地政学の復権が頻繁に語られている。冷戦終焉後の自由主義的価値観を基盤にした普遍主義的な秩序が揺らぎ、力と力のせめぎ合いを計算に入れた秩序維持の重要性が高まった。そこで地政学の事情を考慮に入れなければならない度合いも高まった。

ユーラシア大陸から突き出る半島部分は、地政学用語でいう「橋頭堡」である。

海洋国家と大陸国家の構造的な確執が生じるユーラシア大陸外周部分の「リムランド」地帯のなかでも、橋頭堡はとくに衝突が起こりやすい。

第2次世界大戦後のアメリカの主要な対外戦争は、すべて「リムランド」地帯で起こっているが、朝鮮半島、ベトナム(インドシナ半島)、アフガニスタン(インド大陸に隣接)、イラク(アラビア半島に隣接)と、とくに「橋頭堡」をめぐる地域で起こっている。

地政学の重要性が語られる時代になればなるほど、朝鮮半島の動揺は高まっているはずだ。

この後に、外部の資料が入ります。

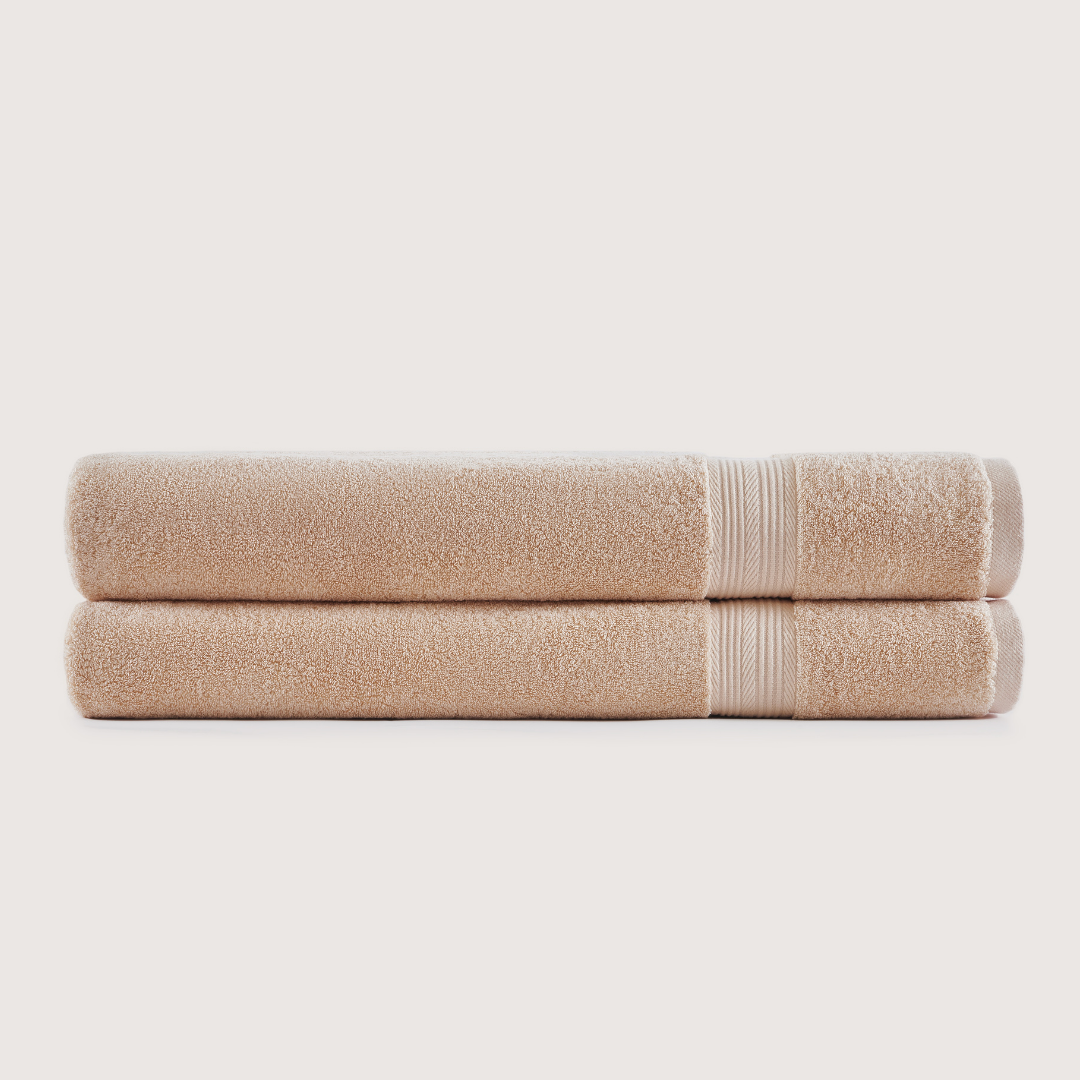 Pack of 2 Truenova Ultrasoft cotton bath sheets in Sand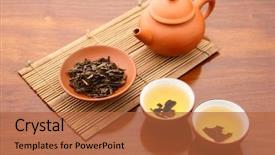  Presentation with ceremony - Theme with chinese tea ceremony background and a red colored foreground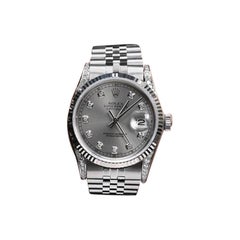 Rolex Datejust SS Grey Dial Classic + Lugs with Diamond Accent RT Watch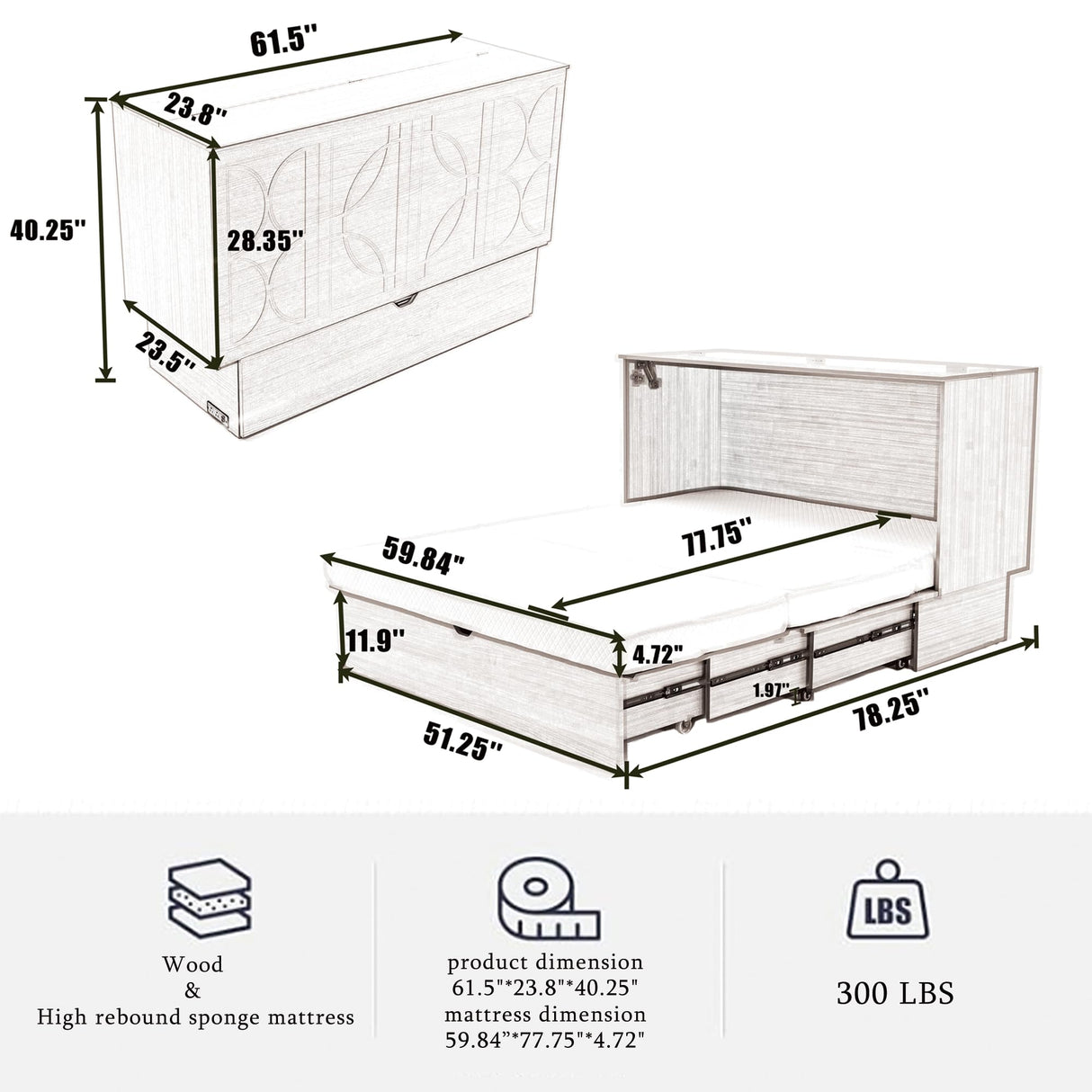 Ball & Cast Queen Size Murphy Bed Wall Chest with Oversized Drawers and Folding Foam Mattress,Wood Hideaway Cabinet Platform Bedframe w/Set of Sockets & USB Ports,Space-Saving,for Small Room,Gray Ball & Cast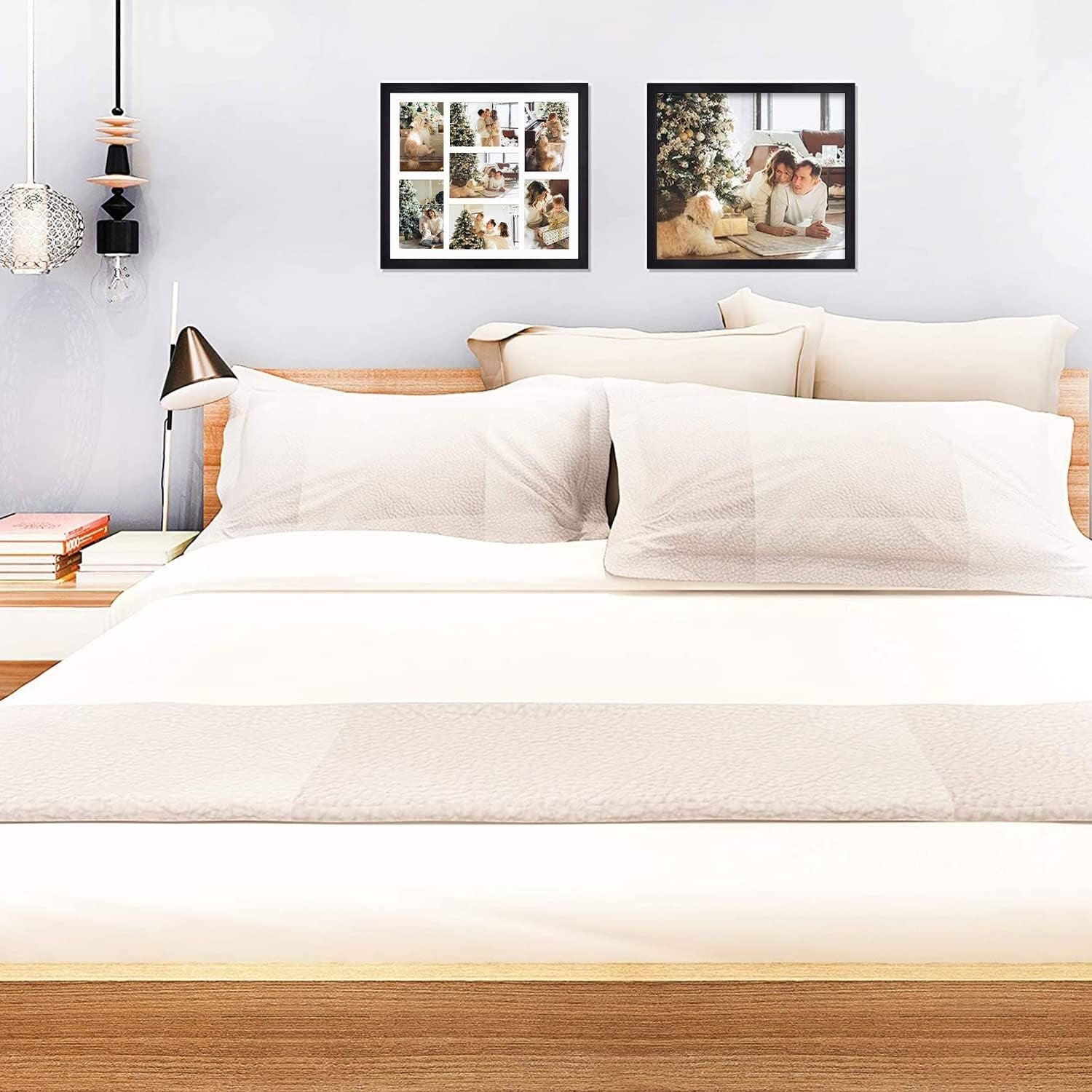 Chic Matted Black Wood Collage Picture Frame for 7 Photos, 13.7x15.7 Size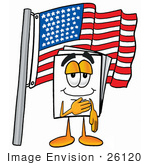#26120 Clip Art Graphic Of A White Copy And Print Paper Cartoon Character Pledging Allegiance To An American Flag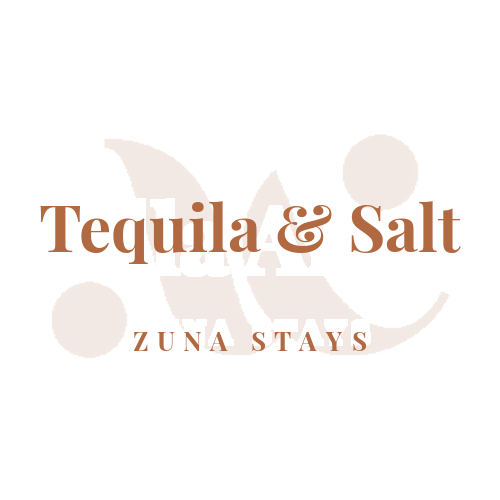 Logo for Tequila & Salt Zuna Stay with stylized letters and decorative dots.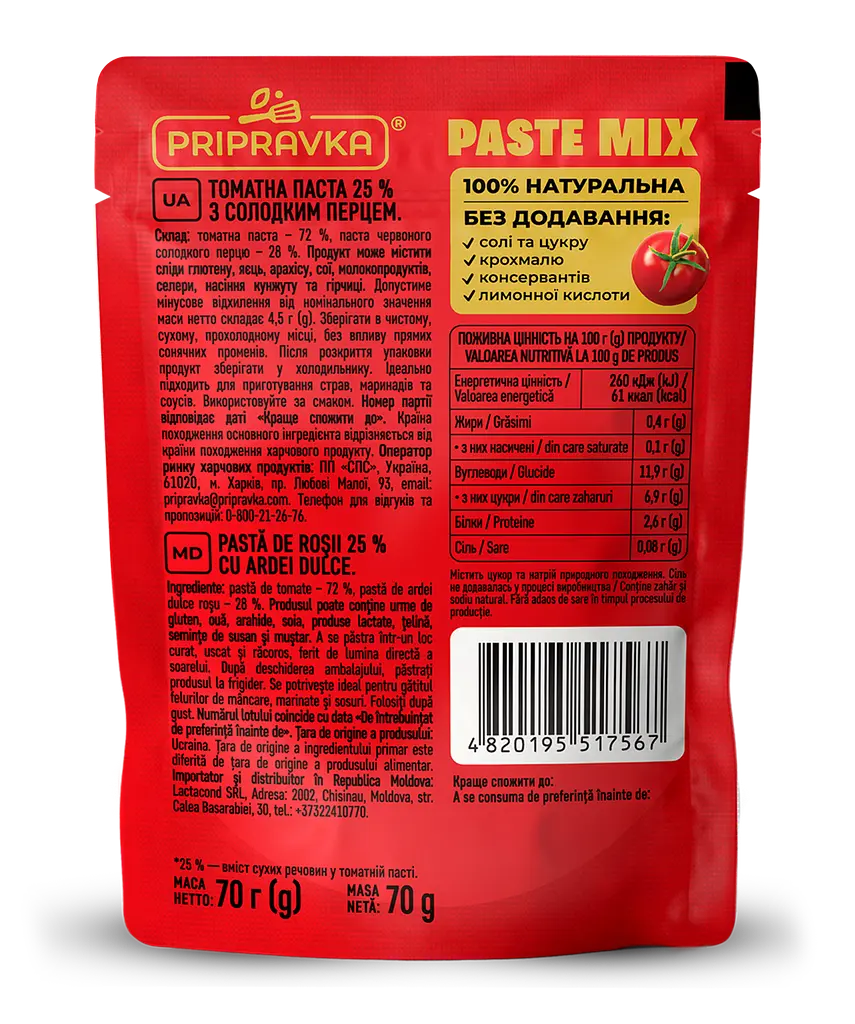 Паста томатна Pripravka Paste Mix з солод перцем 25% - фото 2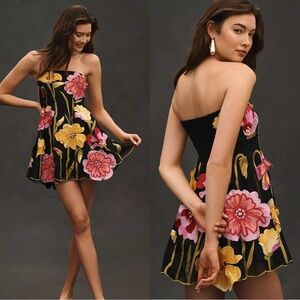 Anthropologie Black Floral Mini Dress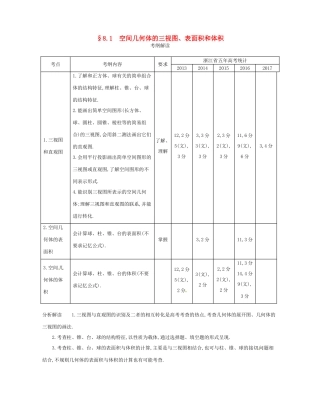 （浙江专版）高考数学一轮复习 第八章 立体几何 8.1 空间几何体的三视图 表面积和体积学案-人教版高三全册数学学案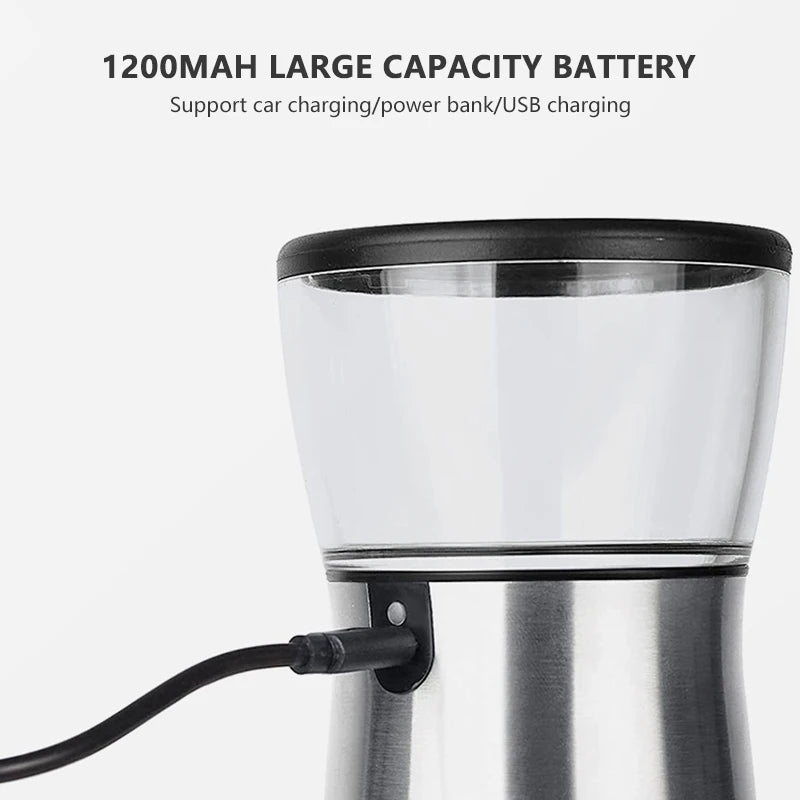 USB Rechargeable Electric Burr Coffee Grinder – Stainless Steel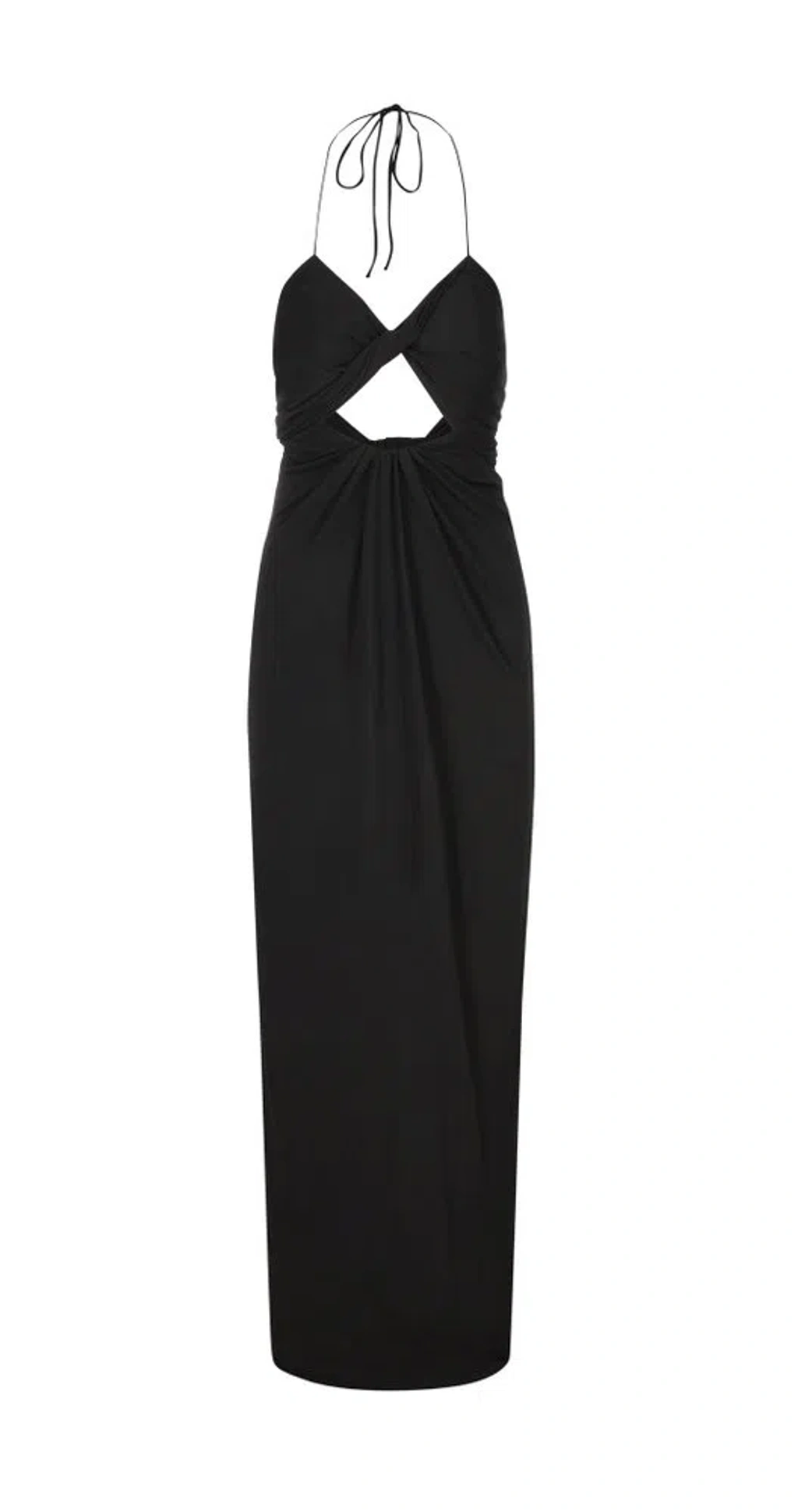 Saint Laurent Backless Halter Dress In Black | ModeSens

冷戦が終わったにもかかわらず、朝鮮半島には地域秩序の改変が起こっていないため、北東アジアには冷戦体制が残存しているともいわれる。

しかしその内実は冷戦時代とは異なる。北朝鮮が核開発で生き残り策を模索した。中国が超大国化した。

中国に隣接する朝鮮半島は、米中の新しい2つの超大国がにらみ合う時代において、さらに新しい不安定性を抱え込んでしまった。

冷戦の開始時に、二極体制の強烈な圧力によって、朝鮮半島が分割されて統治されるという現象が起こった。

21世紀の世界では、冷戦時代とは違うやり方で、米中の超大国がにらみ合う。半島の人びとにとっては、どちらの側に付くかは、よりいっそう難しい判断となっていく。

アメリカは、橋頭堡への足掛かりである韓国におけるプレゼンスを、簡単には放棄しないだろう。しかし冷戦時代とは異なり、そのやり方は、より突き放した実利的なものになるはずだ。

同盟体制に、事実上の重層性が生まれ、橋頭堡は外周的なものになっていくのではないか。

21世紀の世界においては、米韓同盟とともに、日米同盟の性格も変化していく。冷戦時代であれば、日米同盟は、米韓同盟の運用を補完する役割ももっていた。

インド太平洋戦略の重視は、日米同盟をより中核的な同盟軸とし、米韓同盟を外周的なものにする。

日本としては、その流れをつかみ、強化することができれば、安全保障政策の面における「勝ち」を見通すことができるだろう。